Pasangan dari peserta yang hadir mendapatkan pemahaman yang sama terkait penguatan integritas dan antikorupsi dalam mendampingi pasangannya dan selain itu, untuk memastikan implementasi dan konsistensi sistem pencegahan korupsi yang telah dibangun oleh seluruh unsur dan dengan melibatkan keluarga diharapkan dapat meningkatkan kapabilitas dan peran serta masyarakat terhadap upaya pemberantasan korupsi dan menyebarluaskan tentang pentingnya nilai-nilai integritas untuk diimplementasikan di lingkungan keluarga.

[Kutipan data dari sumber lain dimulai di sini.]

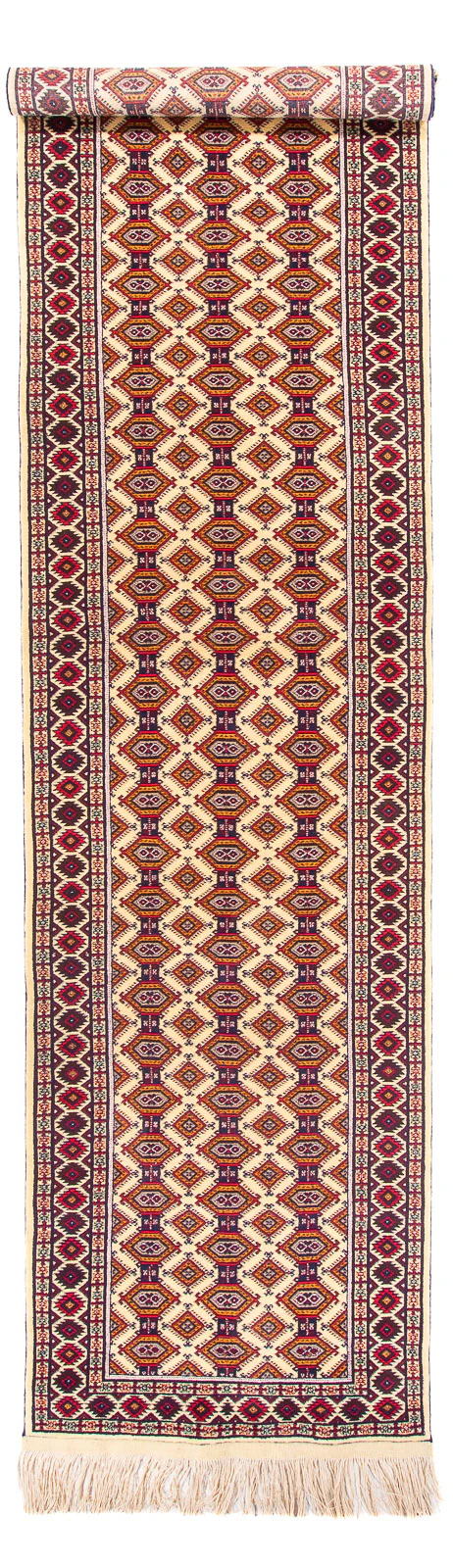 Afghan Teppich 390x90cm - Orientteppich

Bupati Ardiansyah mengatakan, Keluarga sebagai unit terkecil di tengah masyarakat menjadi fondasi utama pemberantasan tindak korupsi.Dari keluarga semua nilai nilai luhur, jujur, amanah dan berintegritas mulai ditanamkan.
"Pencegahan tindak pidana korupsi bukan hanya tugas pemerintah tapi harus melibatkan seluruh masyarakat dan hal itu harus dimulai dari keluarga," tegas.
Lebih lanjut, ia menyebutkan bahwa para pejabat bukan hanya soal individu, tetapi bagaimana menumbuhkan dan menciptakan lingkungan yang bersih dari tindak pidana korupsi dan peduli terhadap sesama.
"Pencegahan tindak pidana itu mudah diucapkan tetapi sulit diimplementasikan. Integritas itu adalah satunya kata dan perbuatan, jadi harus sejalan," tandasnya. (ADV)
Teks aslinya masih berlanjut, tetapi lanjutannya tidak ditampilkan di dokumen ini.